## Data

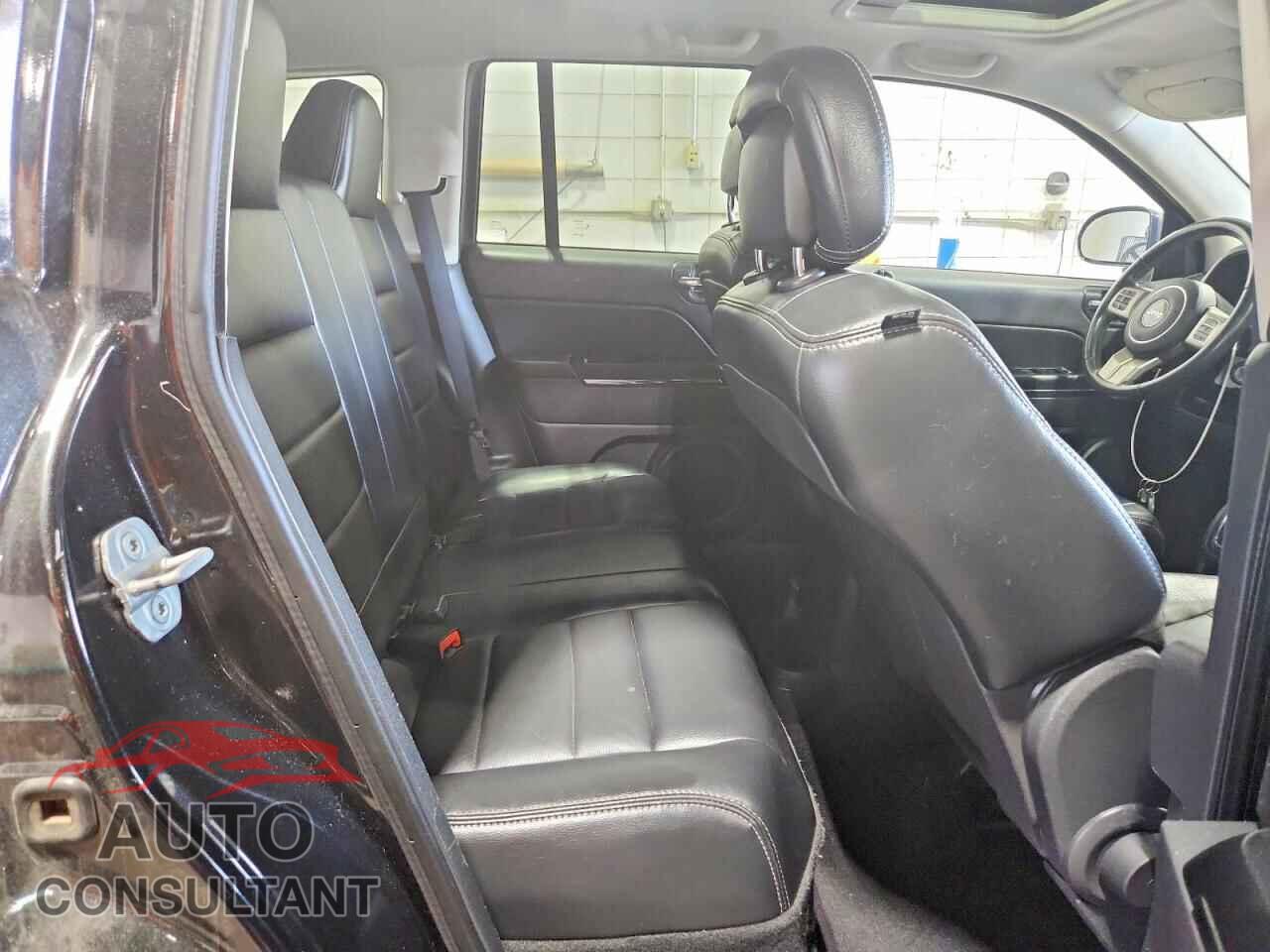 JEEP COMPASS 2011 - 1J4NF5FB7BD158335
---
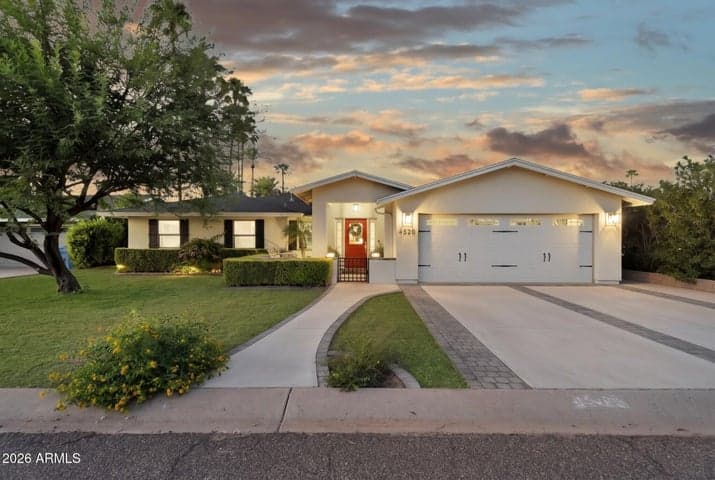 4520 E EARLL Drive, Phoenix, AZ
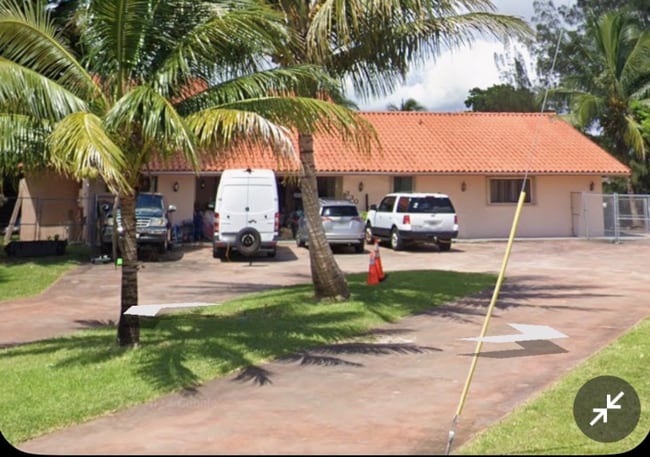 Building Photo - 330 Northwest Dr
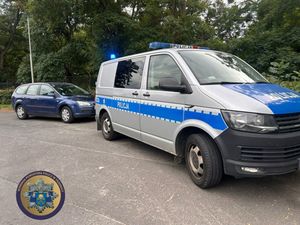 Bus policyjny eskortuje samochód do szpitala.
---
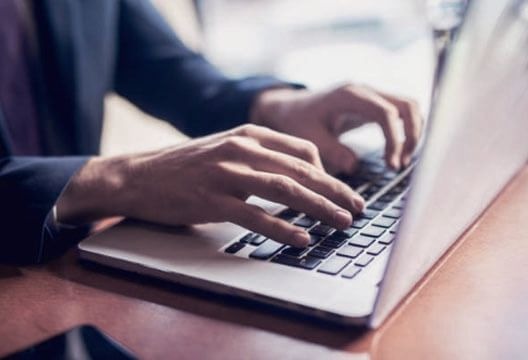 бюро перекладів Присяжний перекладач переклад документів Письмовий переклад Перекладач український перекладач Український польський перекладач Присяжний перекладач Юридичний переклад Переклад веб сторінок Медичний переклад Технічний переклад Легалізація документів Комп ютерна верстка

## Exercise aim
Return exactly the part of the listing above that opens with the line containing "Building Photo - 330 Northwest Dr" and closes with the line containing "Bus policyjny eskortuje". Pictures stay out.

## Final answer
 Building Photo - 330 Northwest Dr
 Bus policyjny eskortuje samochód do szpitala.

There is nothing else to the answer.